About this exercise: Your answer must be an exact copy of the listing, with the images left out.
** Provided data follows **
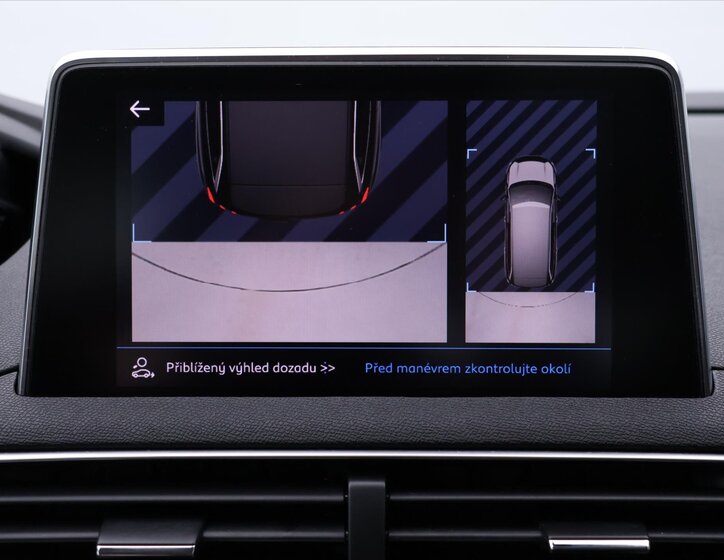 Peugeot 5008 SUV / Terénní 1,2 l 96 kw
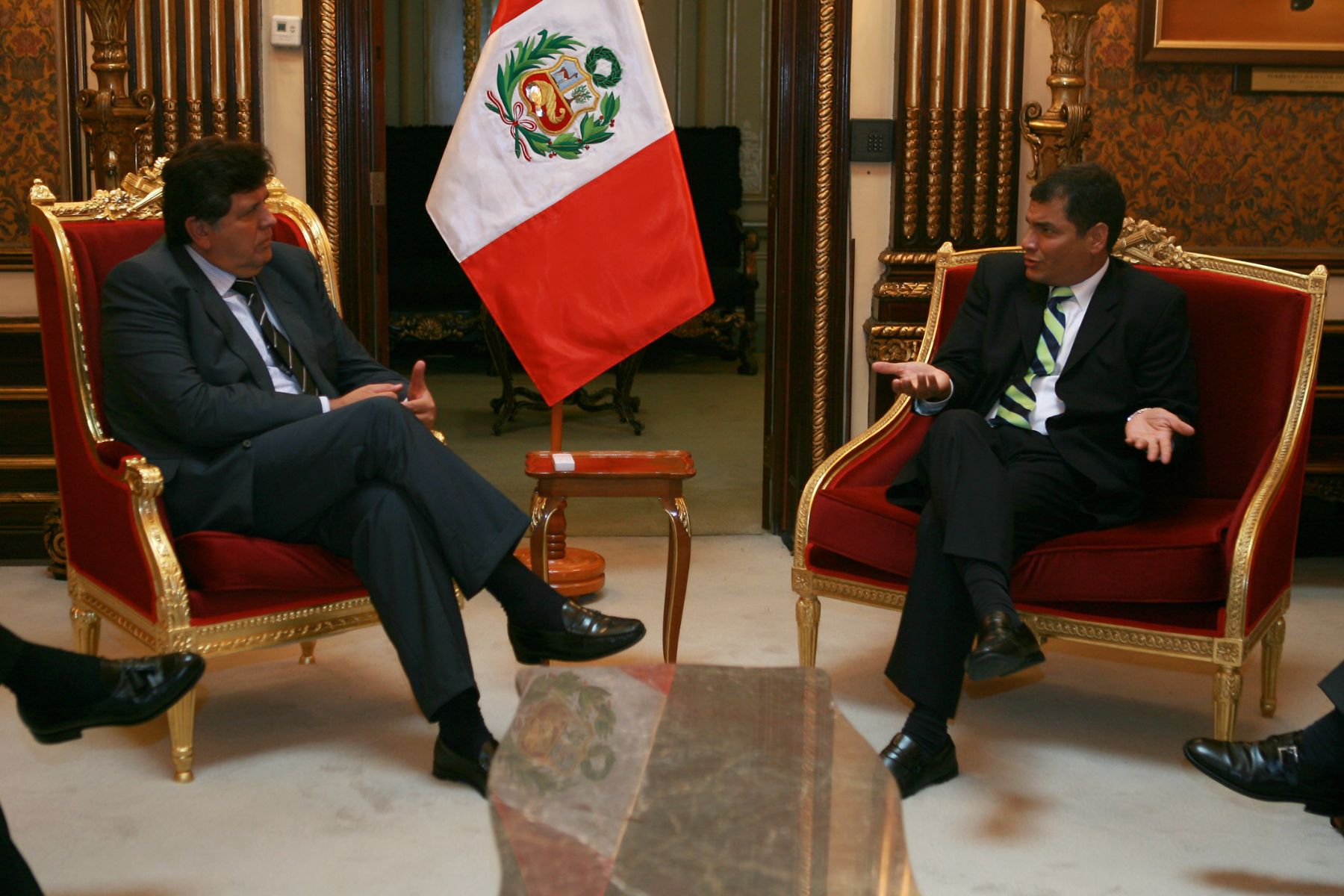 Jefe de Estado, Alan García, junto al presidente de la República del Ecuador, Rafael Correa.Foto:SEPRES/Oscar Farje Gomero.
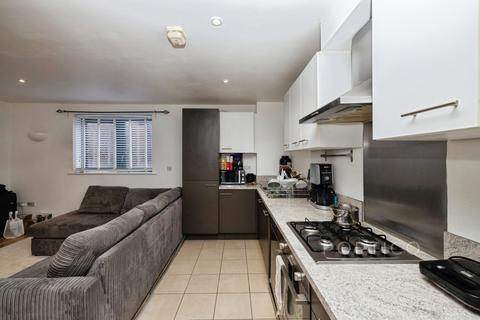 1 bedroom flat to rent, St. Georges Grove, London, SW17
** End of Provided data **
Answer for this exercise:
 Peugeot 5008 SUV / Terénní 1,2 l 96 kw
 Jefe de Estado, Alan García, junto al presidente de la República del Ecuador, Rafael Correa.Foto:SEPRES/Oscar Farje Gomero.
 1 bedroom flat to rent, St. Georges Grove, London, SW17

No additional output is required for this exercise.